LM Deluge makes it easy to add your own model definitions on top of the built-in registry.

Use lm_deluge.models.register_model() to describe your endpoint. Each call returns an APIModel and stores it in the global registry:

from lm_deluge.models import register_model
register_model(
id="internal-rag-1",
name="rag-1",
api_base="https://llm.mycompany.dev/v1",
api_key_env_var="INTERNAL_LLM_API_KEY",
api_spec="openai", # reuse the OpenAI requester
supports_json=True,
supports_logprobs=False,
supports_responses=False,
input_cost=0.4,
output_cost=1.2,
)

The api_spec must match a key in lm_deluge.api_requests.common.CLASSES ("openai", "openai-responses", "anthropic", "gemini", "mistral", "bedrock"). Once registered, you can pass the new id to LLMClient like any other model.

Skip boilerplate by storing client settings in a dictionary or YAML file:

config = {
"model_names": ["internal-rag-1"],
"sampling_params": {"temperature": 0.2, "max_new_tokens": 200},
"max_requests_per_minute": 5_000,
}
client = LLMClient.from_dict(config)
# or: client = LLMClient.from_yaml("client-config.yaml")

These helpers convert the nested sampling_params dicts into SamplingParams objects for you.

Any model ID that starts with openrouter: (for example openrouter:anthropic/claude-3.5-sonnet) is registered automatically at runtime.

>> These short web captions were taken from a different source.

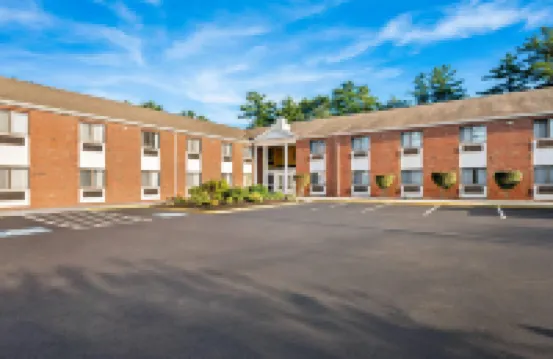 Days Inn by Wyndham Brunswick Bath Area Các khách sạn ở 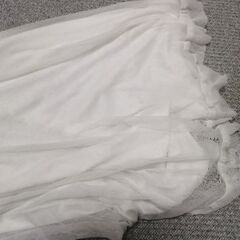 レディース　ワンピース　と　トレーナーの画像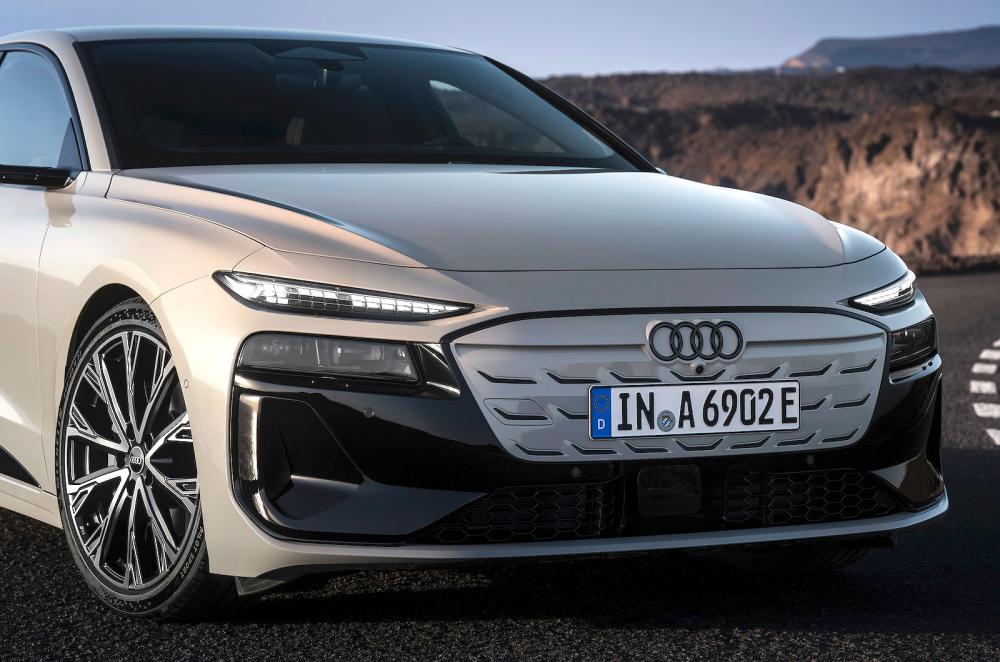 Audi A6 Sportback e-tron front detail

LM Deluge replaces the slash with - to build a unique ID, stores the new model in the registry, and forwards the request through the OpenRouter API using OPENROUTER_API_KEY.

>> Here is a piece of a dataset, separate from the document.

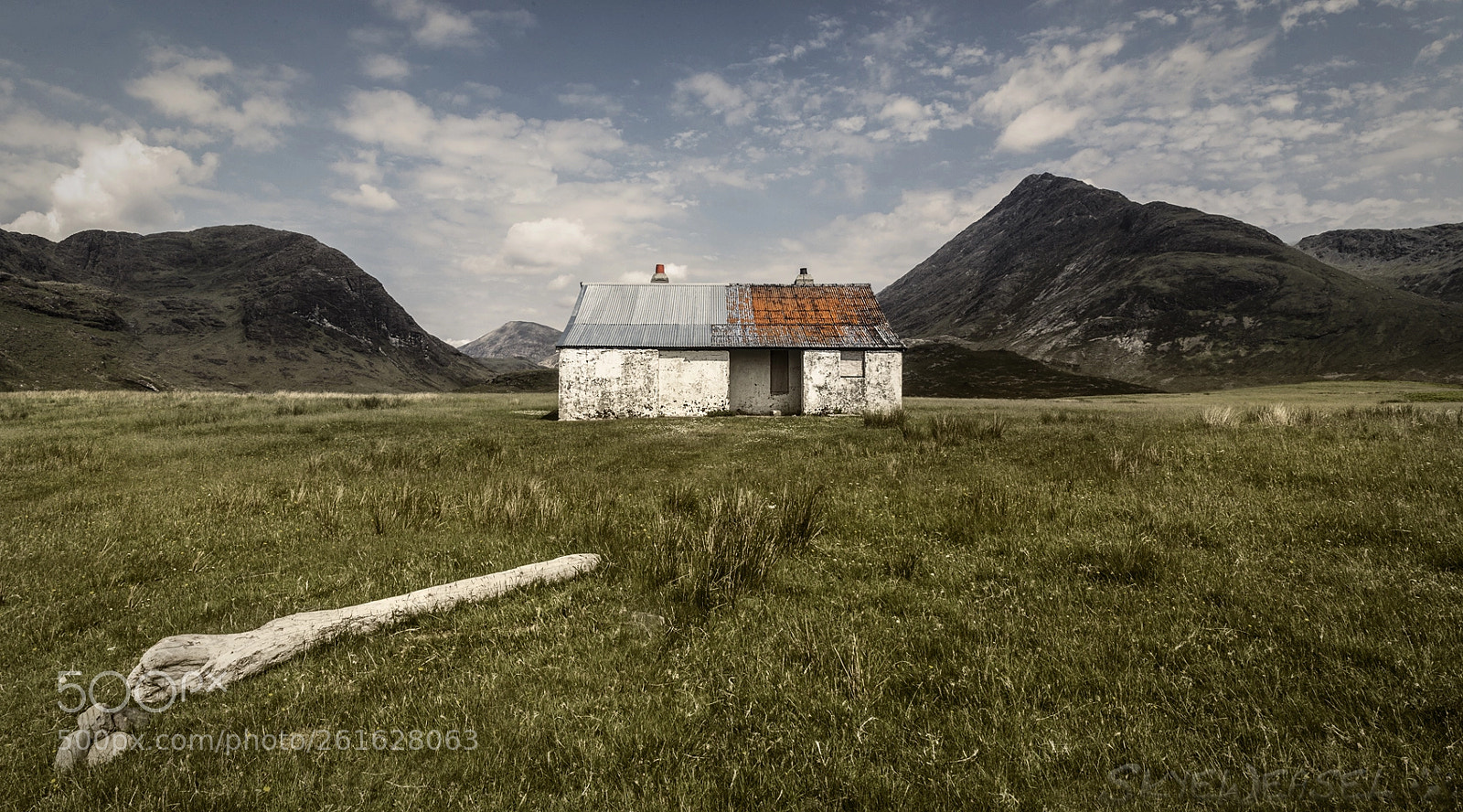 Canon EOS 6D sample photo. Bothy and bla bheinn photography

Provide a list of SamplingParams objects when you need different decoding behavior per model:

from lm_deluge import LLMClient, SamplingParams
client = LLMClient(
["internal-rag-1", "gpt-4.1-mini"],
sampling_params=[
SamplingParams(temperature=0.0, max_new_tokens=256),
SamplingParams(temperature=0.6, max_new_tokens=400),
],
model_weights=[0.2, 0.8],
)

LM Deluge clones the sampling params automatically when you supply a single entry; passing a list gives you full control.

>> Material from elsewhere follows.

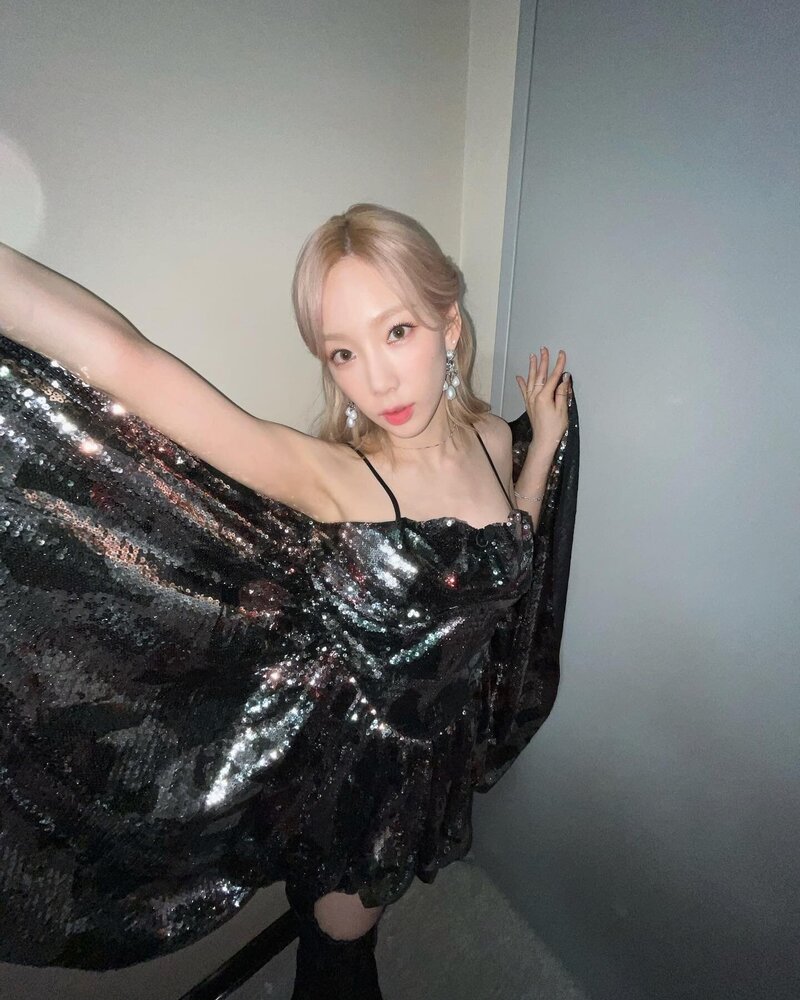 220219 Taeyeon Instagram Update documents 4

Custom workflows often require bespoke tools. Combine Tool.from_function() with your custom model to add RAG retrieval, proprietary data access, or metering hooks. Use force_local_mcp=True if your provider lacks native MCP support but you still want to expose MCP servers to the model.

Add unit tests under tests/ that exercise the new models or tooling. LM Deluge’s tests/core suite contains real-world examples for OpenAI, Anthropic, MCP servers, and caching. Follow the same pattern to validate your custom endpoint before relying on it in production.